• [WHAT TO PRODUCE]: Omit the pictures, then reproduce exactly the line bearing "EXCLUSIVITATE! Casa Limanu" and every line after it up to and including the last line of the entries below.

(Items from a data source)
=== Begin Enclosure ===

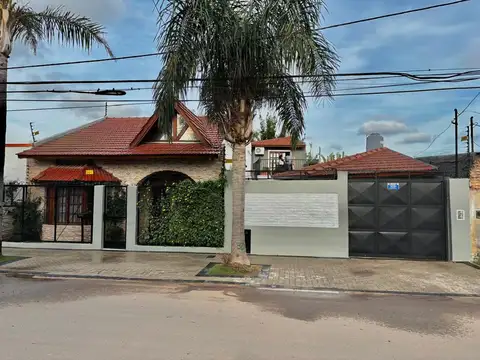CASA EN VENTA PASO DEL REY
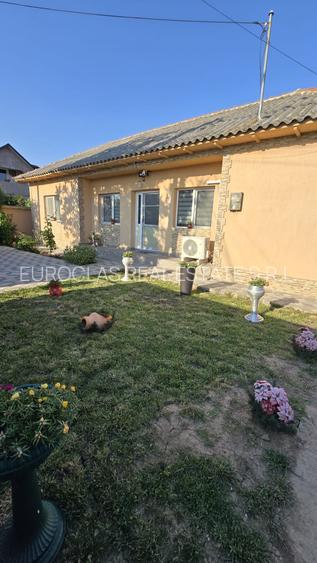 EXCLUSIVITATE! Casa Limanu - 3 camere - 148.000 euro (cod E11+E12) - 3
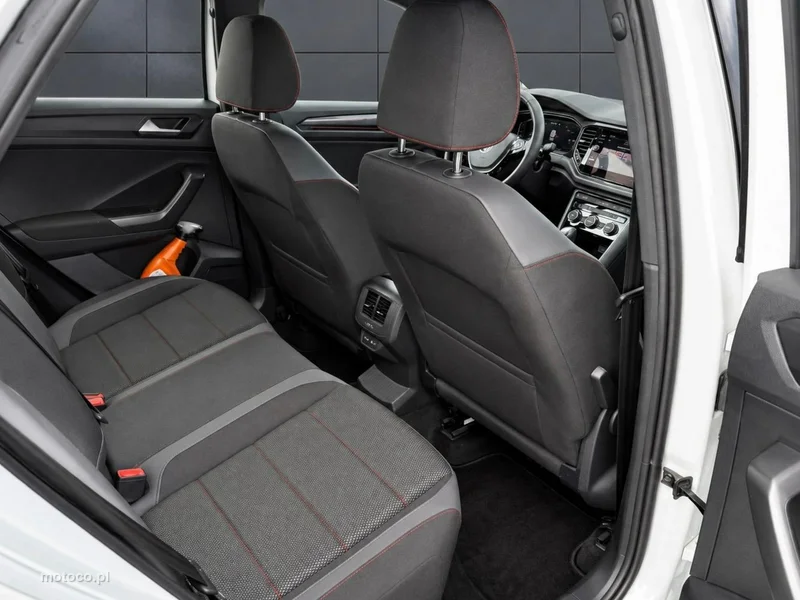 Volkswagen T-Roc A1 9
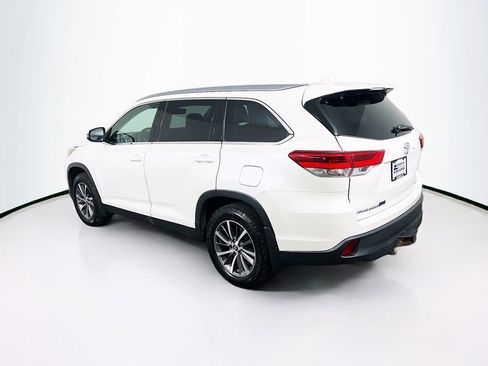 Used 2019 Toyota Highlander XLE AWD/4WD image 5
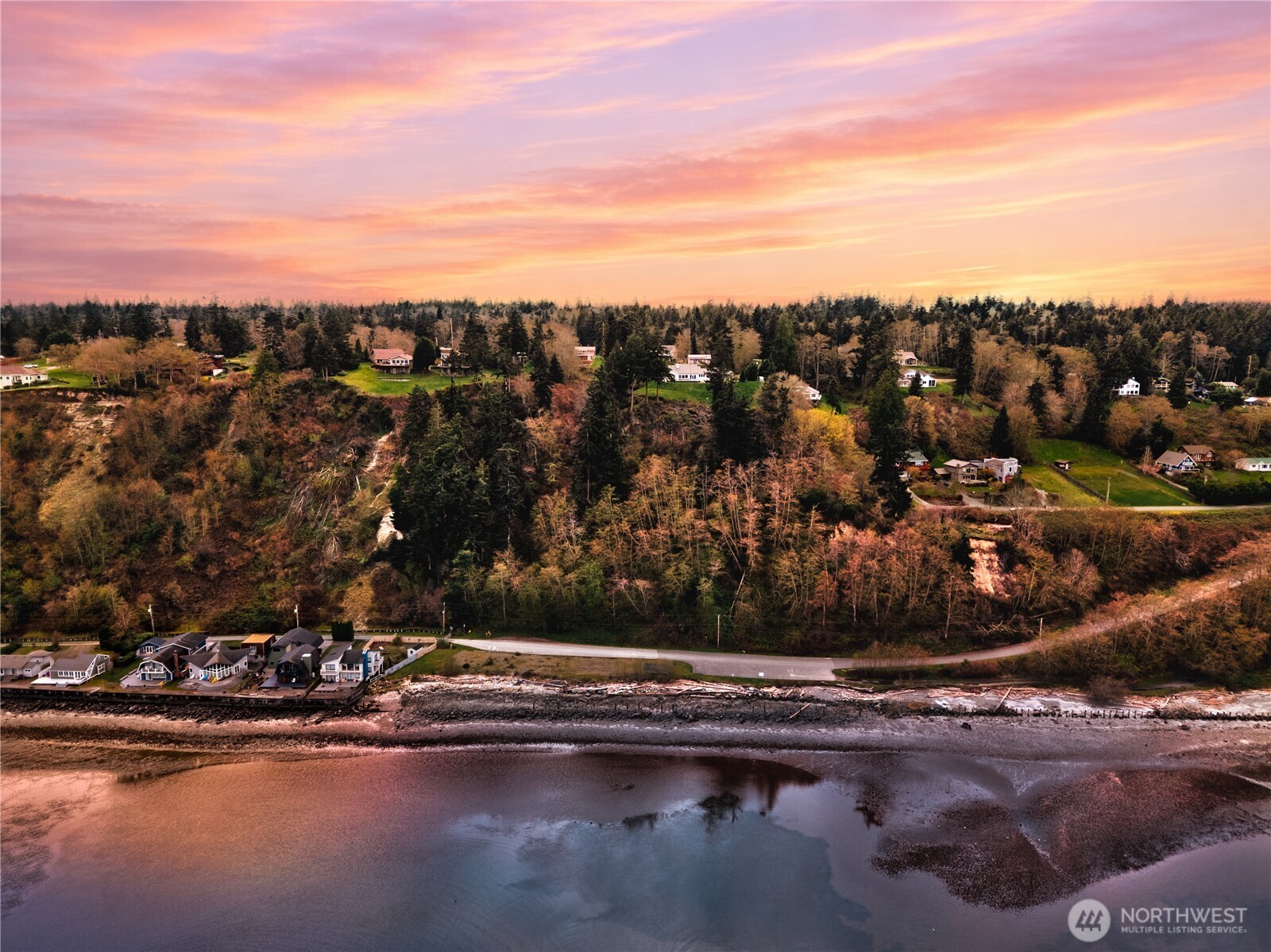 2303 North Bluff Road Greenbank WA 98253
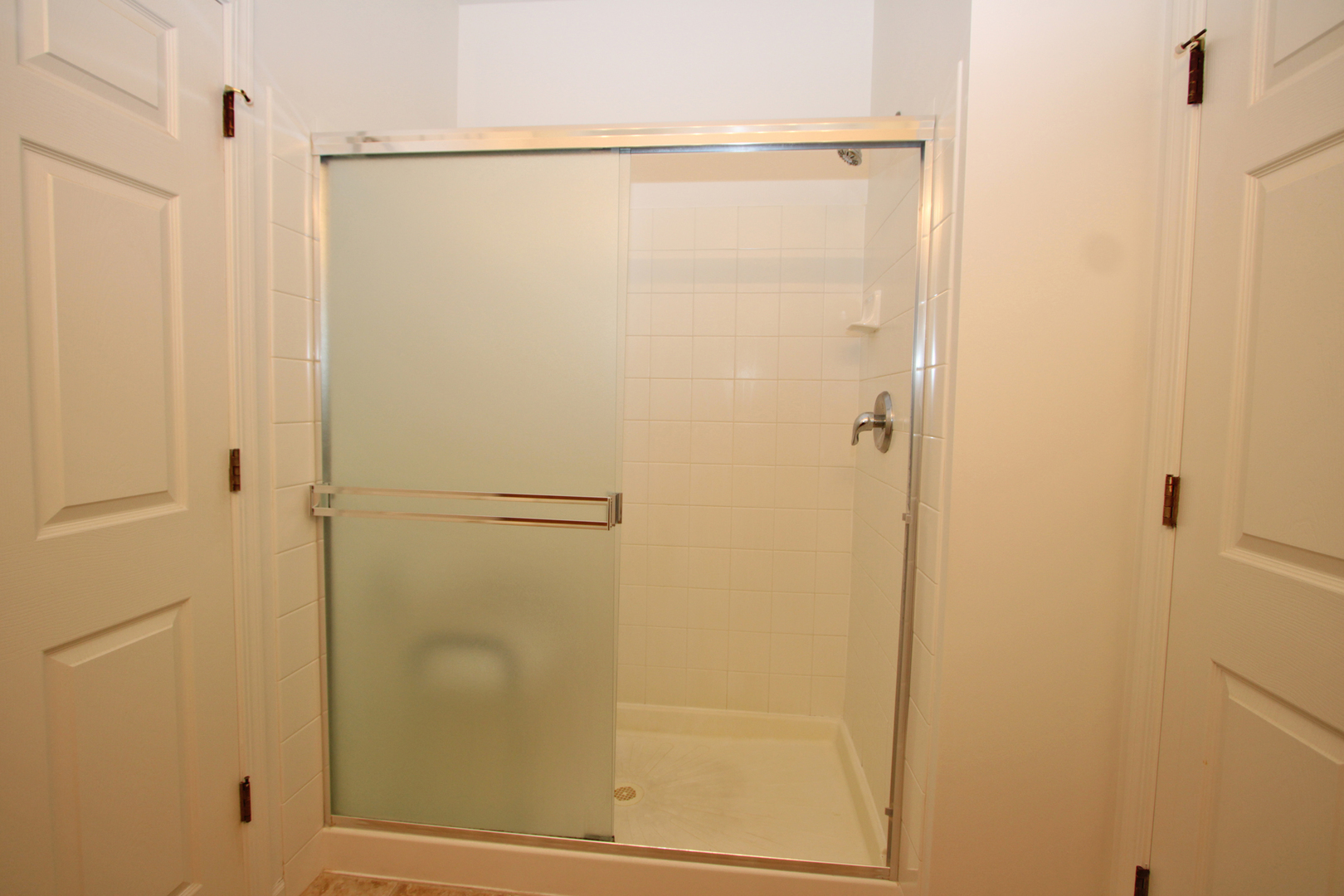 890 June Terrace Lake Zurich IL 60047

=== End Enclosure ===

• [RESULT FOR THIS TASK]:
 EXCLUSIVITATE! Casa Limanu - 3 camere - 148.000 euro (cod E11+E12) - 3
 Volkswagen T-Roc A1 9
 Used 2019 Toyota Highlander XLE AWD/4WD image 5
 2303 North Bluff Road Greenbank WA 98253
 890 June Terrace Lake Zurich IL 60047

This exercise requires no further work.